The first order of business was to understand the extent to which these reasons are used across the three namespaces we are concerned with. To understand that, I plotted their usage for each namespace. Due to the untidiness of the graphs, they will not be shared. Instead, based on inspecting them I found as follows:
- User reasons are only used rarely outside the User namespace. I suspect this is due to user error, e.g. someone happens to click the wrong reason in a popup. There is some recent usage in the Draft namespace, but I do not yet know why.
- Article reasons are rarely used outside the Main namespace. There is some usage here and there, but it is rare enough that it is not meaningful to count and plot it.
- (BLP)PROD is only used in the Main namespace.
After inspecting the graphs, I decided to combine categories for each namespace as follows:
- Main
- General, Article, AfD, and PROD, with "other" as anything not matching any of those (including all User-related reasons).
- User
- General, User, AfD, and "other" as anything not matching any other reason.
- Draft
- General, AfD, and "other" for everything else.
Draft namespace findings
[edit]Because the number of reasons for deletions is smallest for the Draft namespace, I decided to start analyzing that first. It quickly became clear that having 15 separate reasons was cumbersome, it is difficult to find good color schemes for plotting that many separate categories. I therefore inspected the usage of each reason and found that G9 (Office action) was never used. There were also several categories that were used sparingly, meaning on average less than a day. One of them was G10 (attack pages), used a total of 1,187 times over about four years. Given that attack pages are fairly serious concern, I decided to keep that as the lowest category and add any below it to the "other" category. This meant that AfD, G1 (patent nonsense), G4 (recreation of a deleted page), and G9 (office action) were removed and combined into the "other" category.
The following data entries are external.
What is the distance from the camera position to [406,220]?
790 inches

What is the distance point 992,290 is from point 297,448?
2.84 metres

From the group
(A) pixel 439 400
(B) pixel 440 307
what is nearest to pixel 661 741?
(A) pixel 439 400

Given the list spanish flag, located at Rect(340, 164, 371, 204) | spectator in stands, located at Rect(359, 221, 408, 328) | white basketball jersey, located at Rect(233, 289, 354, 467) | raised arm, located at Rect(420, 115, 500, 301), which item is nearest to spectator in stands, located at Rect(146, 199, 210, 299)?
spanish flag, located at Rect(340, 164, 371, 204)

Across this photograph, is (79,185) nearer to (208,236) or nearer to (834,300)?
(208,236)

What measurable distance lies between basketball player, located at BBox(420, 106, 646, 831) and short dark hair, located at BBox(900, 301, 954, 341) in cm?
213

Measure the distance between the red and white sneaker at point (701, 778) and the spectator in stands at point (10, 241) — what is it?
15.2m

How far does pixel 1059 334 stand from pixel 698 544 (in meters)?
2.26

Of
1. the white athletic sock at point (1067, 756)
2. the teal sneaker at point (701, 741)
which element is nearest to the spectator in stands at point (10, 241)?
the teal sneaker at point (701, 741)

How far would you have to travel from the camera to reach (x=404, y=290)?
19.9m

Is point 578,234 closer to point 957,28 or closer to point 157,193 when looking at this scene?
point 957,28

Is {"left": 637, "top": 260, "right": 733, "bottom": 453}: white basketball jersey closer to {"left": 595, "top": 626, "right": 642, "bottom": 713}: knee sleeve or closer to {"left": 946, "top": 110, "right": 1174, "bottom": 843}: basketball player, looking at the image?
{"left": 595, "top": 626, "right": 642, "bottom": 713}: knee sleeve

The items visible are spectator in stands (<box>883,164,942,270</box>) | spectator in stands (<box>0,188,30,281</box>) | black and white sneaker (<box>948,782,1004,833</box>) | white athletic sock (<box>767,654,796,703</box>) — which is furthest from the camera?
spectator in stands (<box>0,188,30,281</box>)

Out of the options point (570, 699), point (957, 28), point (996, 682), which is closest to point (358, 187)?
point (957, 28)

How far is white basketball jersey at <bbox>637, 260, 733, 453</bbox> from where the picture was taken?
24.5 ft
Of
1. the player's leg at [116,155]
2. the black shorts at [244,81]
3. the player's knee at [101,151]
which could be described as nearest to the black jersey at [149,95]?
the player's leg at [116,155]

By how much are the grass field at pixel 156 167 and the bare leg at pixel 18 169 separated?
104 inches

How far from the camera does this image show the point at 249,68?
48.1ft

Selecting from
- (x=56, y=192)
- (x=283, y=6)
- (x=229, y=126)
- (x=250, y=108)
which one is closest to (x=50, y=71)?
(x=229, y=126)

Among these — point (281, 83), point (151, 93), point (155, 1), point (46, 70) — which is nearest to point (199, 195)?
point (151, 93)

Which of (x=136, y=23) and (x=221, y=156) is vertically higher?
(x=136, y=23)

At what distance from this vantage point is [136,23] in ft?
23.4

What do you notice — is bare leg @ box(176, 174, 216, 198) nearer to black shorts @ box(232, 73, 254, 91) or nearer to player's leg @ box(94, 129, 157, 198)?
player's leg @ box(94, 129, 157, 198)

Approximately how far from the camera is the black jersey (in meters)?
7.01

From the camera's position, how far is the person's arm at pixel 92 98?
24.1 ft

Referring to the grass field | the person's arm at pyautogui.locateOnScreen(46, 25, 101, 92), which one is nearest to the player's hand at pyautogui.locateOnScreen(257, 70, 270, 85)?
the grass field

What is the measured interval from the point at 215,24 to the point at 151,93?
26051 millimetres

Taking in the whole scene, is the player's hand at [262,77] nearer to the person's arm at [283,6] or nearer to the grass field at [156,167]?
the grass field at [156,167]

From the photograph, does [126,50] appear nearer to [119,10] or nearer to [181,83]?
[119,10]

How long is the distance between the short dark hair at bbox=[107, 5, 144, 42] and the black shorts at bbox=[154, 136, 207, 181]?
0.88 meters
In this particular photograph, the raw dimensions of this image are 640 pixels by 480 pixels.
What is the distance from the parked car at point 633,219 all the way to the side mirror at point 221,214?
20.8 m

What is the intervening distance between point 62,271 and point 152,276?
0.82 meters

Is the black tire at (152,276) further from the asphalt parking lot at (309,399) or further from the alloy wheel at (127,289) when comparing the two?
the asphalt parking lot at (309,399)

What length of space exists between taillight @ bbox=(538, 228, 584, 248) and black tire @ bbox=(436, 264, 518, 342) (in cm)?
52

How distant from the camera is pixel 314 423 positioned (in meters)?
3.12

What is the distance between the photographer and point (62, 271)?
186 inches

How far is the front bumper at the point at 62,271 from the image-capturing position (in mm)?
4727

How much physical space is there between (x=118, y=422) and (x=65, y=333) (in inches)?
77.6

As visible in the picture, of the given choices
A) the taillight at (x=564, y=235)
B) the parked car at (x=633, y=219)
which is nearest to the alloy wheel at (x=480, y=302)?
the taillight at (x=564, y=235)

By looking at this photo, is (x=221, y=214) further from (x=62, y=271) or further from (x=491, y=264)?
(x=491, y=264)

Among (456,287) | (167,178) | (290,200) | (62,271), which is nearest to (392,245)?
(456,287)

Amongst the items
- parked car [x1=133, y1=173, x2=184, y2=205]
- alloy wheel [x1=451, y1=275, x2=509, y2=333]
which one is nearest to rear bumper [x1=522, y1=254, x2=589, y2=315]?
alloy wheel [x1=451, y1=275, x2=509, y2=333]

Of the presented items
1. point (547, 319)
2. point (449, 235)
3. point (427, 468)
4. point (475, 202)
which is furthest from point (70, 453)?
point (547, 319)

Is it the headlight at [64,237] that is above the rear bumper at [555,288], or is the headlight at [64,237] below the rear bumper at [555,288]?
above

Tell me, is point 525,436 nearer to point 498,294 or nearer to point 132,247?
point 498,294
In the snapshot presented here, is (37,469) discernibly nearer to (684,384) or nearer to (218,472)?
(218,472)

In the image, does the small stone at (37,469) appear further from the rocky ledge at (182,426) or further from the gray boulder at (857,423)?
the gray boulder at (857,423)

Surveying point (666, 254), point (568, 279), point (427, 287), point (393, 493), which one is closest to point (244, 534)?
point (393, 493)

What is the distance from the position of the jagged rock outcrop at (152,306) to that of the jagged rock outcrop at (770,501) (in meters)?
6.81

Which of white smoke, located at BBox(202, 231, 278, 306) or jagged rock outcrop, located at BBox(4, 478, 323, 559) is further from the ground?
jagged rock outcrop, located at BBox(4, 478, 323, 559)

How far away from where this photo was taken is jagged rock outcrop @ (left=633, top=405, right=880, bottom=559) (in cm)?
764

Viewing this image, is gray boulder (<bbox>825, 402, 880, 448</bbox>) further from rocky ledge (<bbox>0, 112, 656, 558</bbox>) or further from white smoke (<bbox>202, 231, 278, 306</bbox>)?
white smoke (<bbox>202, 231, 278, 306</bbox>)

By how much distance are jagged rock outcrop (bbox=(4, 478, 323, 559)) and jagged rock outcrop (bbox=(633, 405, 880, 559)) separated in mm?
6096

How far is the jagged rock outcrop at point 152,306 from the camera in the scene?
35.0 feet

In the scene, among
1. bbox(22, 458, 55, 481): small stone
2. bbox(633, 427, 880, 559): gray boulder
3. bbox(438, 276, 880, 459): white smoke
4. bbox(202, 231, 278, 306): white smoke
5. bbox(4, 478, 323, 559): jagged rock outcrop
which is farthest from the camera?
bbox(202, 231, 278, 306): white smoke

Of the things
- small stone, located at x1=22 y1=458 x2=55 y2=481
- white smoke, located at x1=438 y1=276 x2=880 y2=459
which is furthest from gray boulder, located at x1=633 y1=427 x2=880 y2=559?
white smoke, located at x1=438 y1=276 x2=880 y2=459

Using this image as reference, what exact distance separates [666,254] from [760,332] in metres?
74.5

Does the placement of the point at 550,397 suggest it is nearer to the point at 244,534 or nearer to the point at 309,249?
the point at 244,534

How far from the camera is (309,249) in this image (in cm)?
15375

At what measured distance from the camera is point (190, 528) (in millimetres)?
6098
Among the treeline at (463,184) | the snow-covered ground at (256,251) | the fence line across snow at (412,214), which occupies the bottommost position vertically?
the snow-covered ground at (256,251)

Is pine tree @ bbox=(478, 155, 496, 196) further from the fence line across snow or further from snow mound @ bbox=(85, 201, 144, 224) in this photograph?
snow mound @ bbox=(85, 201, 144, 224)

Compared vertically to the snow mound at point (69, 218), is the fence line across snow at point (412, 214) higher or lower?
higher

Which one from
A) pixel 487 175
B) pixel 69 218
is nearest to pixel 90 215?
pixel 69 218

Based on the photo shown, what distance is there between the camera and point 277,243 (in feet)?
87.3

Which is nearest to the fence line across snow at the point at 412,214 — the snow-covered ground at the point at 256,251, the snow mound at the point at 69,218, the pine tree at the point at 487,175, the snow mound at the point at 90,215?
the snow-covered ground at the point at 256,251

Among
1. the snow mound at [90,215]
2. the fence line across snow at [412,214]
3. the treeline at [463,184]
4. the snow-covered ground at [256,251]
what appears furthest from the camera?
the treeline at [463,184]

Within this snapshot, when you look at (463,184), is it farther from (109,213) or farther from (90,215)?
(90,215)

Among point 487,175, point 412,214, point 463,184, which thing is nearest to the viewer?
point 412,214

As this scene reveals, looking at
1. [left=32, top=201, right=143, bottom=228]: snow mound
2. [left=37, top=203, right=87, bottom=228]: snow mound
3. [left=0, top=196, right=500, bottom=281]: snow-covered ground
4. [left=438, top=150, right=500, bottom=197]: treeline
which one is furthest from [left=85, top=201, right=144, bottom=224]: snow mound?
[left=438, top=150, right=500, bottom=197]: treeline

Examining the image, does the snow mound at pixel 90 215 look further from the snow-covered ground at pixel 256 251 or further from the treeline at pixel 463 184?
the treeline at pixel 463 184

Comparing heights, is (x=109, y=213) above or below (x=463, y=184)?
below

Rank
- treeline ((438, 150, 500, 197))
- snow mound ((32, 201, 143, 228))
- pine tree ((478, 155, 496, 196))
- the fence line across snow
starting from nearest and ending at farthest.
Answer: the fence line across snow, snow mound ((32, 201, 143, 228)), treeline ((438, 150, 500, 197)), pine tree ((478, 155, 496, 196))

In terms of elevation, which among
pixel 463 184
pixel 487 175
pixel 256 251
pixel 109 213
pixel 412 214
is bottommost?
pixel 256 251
We can then count the total number of deletions and create a sorted table to show why pages tend to be deleted in the Draft namespace:
Category | Reason | Number of deletions | % |
---|---|---|---|
G13 | Abandoned draft or AfC | 64,378 | 41.1 |
Other | Not matching another category | 51,340 | 32.8 |
G11 | Unambiguous advertisement or promotion | 12,345 | 7.9 |
G12 | Unambiguous copyright infringement | 6,600 | 4.2 |
G7 | Author requests deletion | 5,270 | 3.4 |
G8 | Depends on nonexistent/deleted page | 4,806 | 3.1 |
G3 | Pure vandalism and blatant hoaxes | 3,410 | 2.2 |
G2 | Test pages | 3,217 | 2.1 |
G6 | Technical deletions | 2,574 | 1.6 |
G5 | Creations by banned or blocked users | 1,529 | 1.0 |
G10 | Attack pages | 1,187 | 0.8 |
I then plotted them as a stacked line plot, finding that the noisy data made it rather unreadable. To smooth the plot, I decided to use a 28-day moving median. I chose the median as they are more resistant to outliers than moving averages, and used 28 days as 7 days still was rather noisy. In our case, there are some days with huge number of deletions (over 10,000), likely bot-driven deletions of stale drafts. These can greatly affect a moving average calculation. I also chose to plot the larger categories at the bottom of the plot so that these are more clearly seen. The resulting plot is shown below:
Do not pay attention to the Y-axis labels, Wikipedia does not have billions of Draft page deletions. Instead, it's an artifact of the stacked plot and log-scale. From the plot, it can appear that deletions for reasons other than G13 are fairly stable across time. There are some exceptions, but we also know that the five most used reasons cover about 88% of all deletions in this dataset.
Perhaps more important with regards to ACTRIAL is to what extent the trial has affected the number of deletions in the Draft namespace. To examine this in more detail, we make plots of the total number of deletions over the whole dataset, as well as since 2017. First, let's look at the entire dataset:
There are several things to note in the graph above. First of all, we see how deletions in the Draft namespace are introduced in late 2013 (our data gathering starts in 2009, but before then we found no deletions). Until late spring 2014, the number of deletions per day is usually below a dozen. At that point, it starts picking up and is fairly consistently between 10 and 100. Then in late 2014 we see it again jump up and stabilize around 100 per day, and it has generally stayed there since then. There are some exceptions from the general rule, as we see some peaks of deletions in the thousands on some days. The highest peak is in April 2017, when over 11,000 pages were deleted in order to clean up problematic BLPs created by a specific user.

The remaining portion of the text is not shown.